Pictures with short captions:
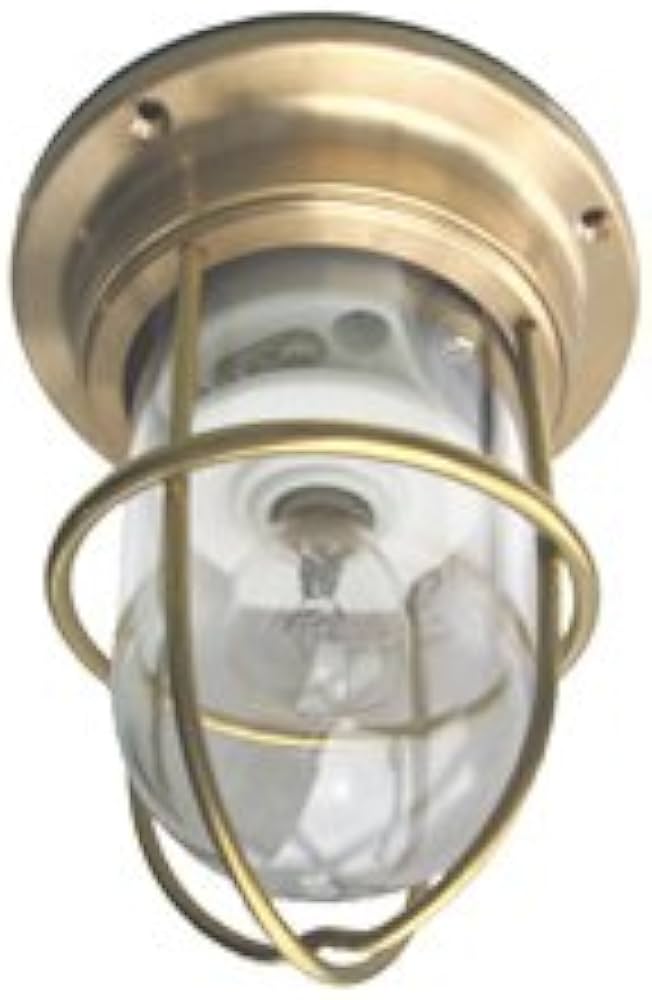 Amazon | ゼロデッキライトゴールド(ZR-DK-G) | シーリングライト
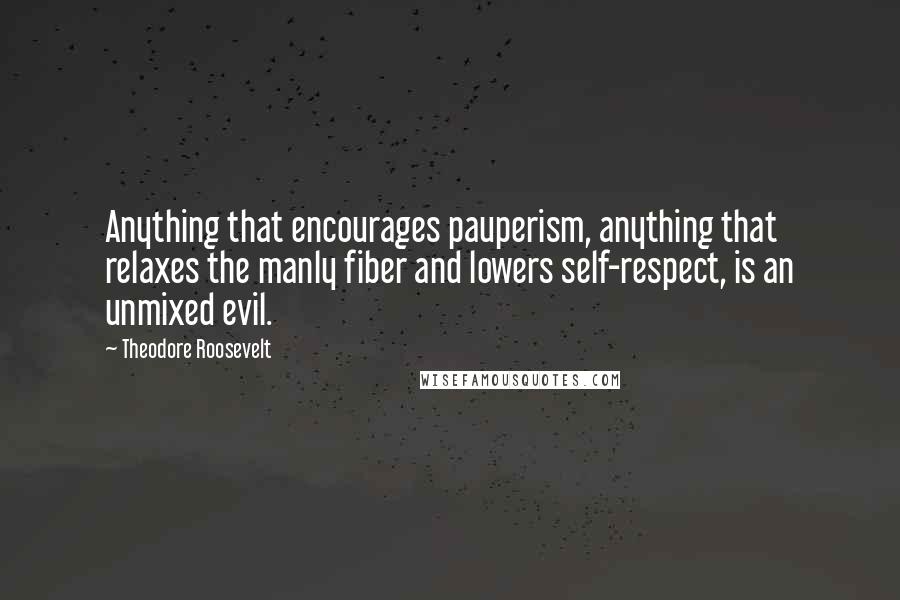 Theodore Roosevelt Quotes: Anything that encourages pauperism, anything that relaxes the manly fiber and lowers self-respect, is an unmixed evil.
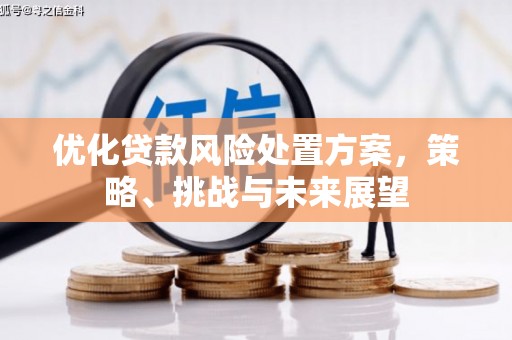怀化优化贷款风险处置方案，策略、挑战与未来展望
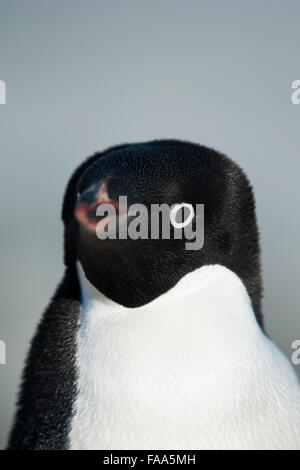 Manchot Adélie (Pygoscelis adeliae), portrait. L'île de Petermann, péninsule antarctique. Banque D'Images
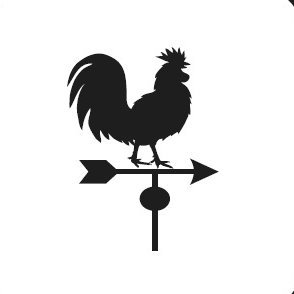 Erkekleri Koruma Derneği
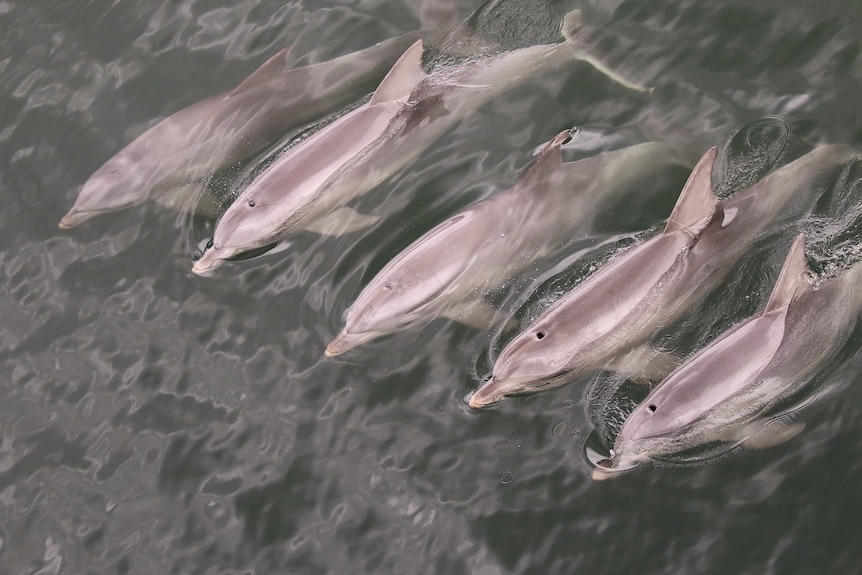 Five dolphins swim together.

What needs to be done:
All lines from the one that contains "Erkekleri Koruma Derneği" through the last line of the data should be retyped exactly, with the pictures left out.

Problem solution:
 Erkekleri Koruma Derneği
 Five dolphins swim together.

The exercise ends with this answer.